He started off at an easy pace and she fell in beside him. His injured leg rarely bothered him anymore, but the metal plates and screws were there to repair some serious damage. His mobility and speed had improved a lot in the last five months, but he was never going to be a long-distance runner.
She, on the other hand, moved like a gazelle, effortless and graceful. They ran side by side for about a mile, and when it became clear she was holding back for him, he waved her on and trotted over to the water cooler.
She picked up the pace and ran another mile, ending with a quarter-mile sprint. She backpedaled to a stop and drew a cup of water.
He whistled. “You’ve been holding out on me.”
She wiped her mouth with the back of her hand. “How?”
“You never said you could run like that.”
“It never came up.” She paced as she cooled off, hands on her hips. “Wow, that felt good. The only thing that’s missing now is the sun. It’s been so long since I’ve seen it. I understand why there aren’t any windows in this place, and I love knowing that I have room to run, but I’m still shut away.”

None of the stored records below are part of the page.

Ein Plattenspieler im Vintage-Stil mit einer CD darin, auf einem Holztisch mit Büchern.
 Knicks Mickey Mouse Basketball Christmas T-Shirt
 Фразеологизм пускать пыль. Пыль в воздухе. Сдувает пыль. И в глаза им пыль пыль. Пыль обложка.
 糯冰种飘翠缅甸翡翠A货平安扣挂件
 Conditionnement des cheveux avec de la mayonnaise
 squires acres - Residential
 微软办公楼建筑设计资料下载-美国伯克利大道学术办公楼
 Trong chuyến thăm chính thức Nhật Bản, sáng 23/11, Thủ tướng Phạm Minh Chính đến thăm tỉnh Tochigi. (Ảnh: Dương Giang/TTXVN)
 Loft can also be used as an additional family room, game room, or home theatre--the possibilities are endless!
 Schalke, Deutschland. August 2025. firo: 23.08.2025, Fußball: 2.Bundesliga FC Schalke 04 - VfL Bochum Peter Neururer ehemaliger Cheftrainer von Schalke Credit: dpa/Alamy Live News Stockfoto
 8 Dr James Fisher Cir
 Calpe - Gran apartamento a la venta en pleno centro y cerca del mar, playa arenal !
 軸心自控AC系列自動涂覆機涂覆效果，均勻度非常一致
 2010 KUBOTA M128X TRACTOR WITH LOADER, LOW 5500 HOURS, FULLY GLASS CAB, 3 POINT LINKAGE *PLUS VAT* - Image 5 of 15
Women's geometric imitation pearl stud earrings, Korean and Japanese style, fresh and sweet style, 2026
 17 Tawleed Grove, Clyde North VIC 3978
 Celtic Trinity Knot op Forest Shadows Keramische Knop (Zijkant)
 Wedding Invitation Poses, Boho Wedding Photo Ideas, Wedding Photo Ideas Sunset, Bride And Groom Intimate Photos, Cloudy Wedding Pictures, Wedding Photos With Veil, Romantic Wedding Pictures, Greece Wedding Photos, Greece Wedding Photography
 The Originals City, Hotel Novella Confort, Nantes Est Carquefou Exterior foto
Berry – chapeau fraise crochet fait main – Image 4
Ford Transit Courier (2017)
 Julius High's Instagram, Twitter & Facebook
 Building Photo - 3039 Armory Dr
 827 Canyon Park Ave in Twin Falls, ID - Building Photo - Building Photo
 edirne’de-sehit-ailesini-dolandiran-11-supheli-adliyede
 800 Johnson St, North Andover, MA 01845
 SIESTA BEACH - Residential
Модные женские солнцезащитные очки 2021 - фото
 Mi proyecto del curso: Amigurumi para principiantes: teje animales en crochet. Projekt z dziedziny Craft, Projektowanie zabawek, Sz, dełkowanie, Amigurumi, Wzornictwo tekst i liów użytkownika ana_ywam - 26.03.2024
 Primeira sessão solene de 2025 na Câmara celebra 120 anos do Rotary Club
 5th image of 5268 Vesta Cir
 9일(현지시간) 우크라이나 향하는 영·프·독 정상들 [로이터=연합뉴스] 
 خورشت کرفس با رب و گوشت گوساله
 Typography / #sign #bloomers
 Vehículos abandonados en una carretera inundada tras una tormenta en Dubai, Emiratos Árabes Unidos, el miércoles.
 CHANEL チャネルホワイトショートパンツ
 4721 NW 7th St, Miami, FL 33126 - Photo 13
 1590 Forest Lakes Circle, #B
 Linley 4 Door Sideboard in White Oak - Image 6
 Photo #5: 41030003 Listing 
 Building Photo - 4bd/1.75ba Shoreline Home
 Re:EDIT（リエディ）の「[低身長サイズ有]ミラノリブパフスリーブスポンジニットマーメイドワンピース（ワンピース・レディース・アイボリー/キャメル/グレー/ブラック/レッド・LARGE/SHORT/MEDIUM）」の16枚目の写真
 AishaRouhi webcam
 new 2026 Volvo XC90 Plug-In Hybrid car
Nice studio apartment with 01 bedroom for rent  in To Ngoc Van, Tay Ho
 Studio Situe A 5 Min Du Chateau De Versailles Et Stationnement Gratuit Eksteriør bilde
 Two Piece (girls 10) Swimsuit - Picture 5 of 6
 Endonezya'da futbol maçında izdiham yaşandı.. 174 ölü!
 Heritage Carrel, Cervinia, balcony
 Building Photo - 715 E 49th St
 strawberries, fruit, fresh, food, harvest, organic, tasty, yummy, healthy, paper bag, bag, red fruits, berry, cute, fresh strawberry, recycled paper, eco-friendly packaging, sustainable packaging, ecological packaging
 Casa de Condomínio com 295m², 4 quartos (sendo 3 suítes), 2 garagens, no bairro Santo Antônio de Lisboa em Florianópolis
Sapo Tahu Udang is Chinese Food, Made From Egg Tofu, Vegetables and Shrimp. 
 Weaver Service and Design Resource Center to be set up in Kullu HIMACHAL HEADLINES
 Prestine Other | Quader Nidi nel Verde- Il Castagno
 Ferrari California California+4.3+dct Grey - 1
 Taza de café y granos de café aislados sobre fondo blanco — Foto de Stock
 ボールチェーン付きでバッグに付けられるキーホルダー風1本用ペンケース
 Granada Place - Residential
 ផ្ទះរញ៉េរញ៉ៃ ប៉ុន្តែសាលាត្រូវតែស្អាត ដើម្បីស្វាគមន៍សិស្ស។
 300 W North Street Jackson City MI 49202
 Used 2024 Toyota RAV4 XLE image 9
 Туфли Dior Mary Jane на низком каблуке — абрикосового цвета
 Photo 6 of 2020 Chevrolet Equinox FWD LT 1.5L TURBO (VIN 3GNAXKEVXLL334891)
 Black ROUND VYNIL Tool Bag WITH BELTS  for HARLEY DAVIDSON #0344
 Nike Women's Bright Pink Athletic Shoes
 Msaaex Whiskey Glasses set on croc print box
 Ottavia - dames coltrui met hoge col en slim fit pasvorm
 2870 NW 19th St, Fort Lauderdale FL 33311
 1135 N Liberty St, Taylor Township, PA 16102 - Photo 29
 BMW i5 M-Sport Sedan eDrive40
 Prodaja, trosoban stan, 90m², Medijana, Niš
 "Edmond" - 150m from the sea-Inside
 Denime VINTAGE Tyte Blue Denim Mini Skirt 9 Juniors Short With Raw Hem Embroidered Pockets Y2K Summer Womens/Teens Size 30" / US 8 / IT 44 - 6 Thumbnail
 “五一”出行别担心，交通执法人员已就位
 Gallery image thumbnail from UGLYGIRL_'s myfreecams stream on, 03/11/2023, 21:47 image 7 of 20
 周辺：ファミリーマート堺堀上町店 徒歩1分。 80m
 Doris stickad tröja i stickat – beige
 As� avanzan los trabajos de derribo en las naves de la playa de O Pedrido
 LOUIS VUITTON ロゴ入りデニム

“Now that you mention it …. Come on, follow me.”
He led the way up the stairs until they emerged in a rooftop solarium. The sunlight dazzled her eyes even under the tinted glass dome. “Wow!”
“Yeah, it’s great up here.”
He slid open the louvers in one of the windows, and fresh, chilly winter air rushed in. She breathed in blissfully and hugged herself. Then she wandered around the perimeter of the roof and gazed out over the quadrant from every angle. “I didn’t realize we were right in the middle of everything.”
He wrapped his arms around her from behind, and she leaned against him the way she had the first day they met, the top of her head fitting perfectly under his chin. Before them lay the panorama of the capital city.
She sighed. “It’s so pretty.”
“Yeah. Looks can be deceiving, huh?” She nodded, and he changed the topic. “Christmas was a couple of days ago.”
“Yeah. I know most of the holidays have been downplayed until we don’t really celebrate anymore, but I loved Christmas when I was little. I’ve been saving a gift, but today seems like a better day to give it to you.”
“I don’t have anything to give you in return.”
“Last time I gave this to you, I told you I was going to make everything all right. I won’t make that kind of promise again, but I want you to know that I’ll stand by you, no matter what happens.”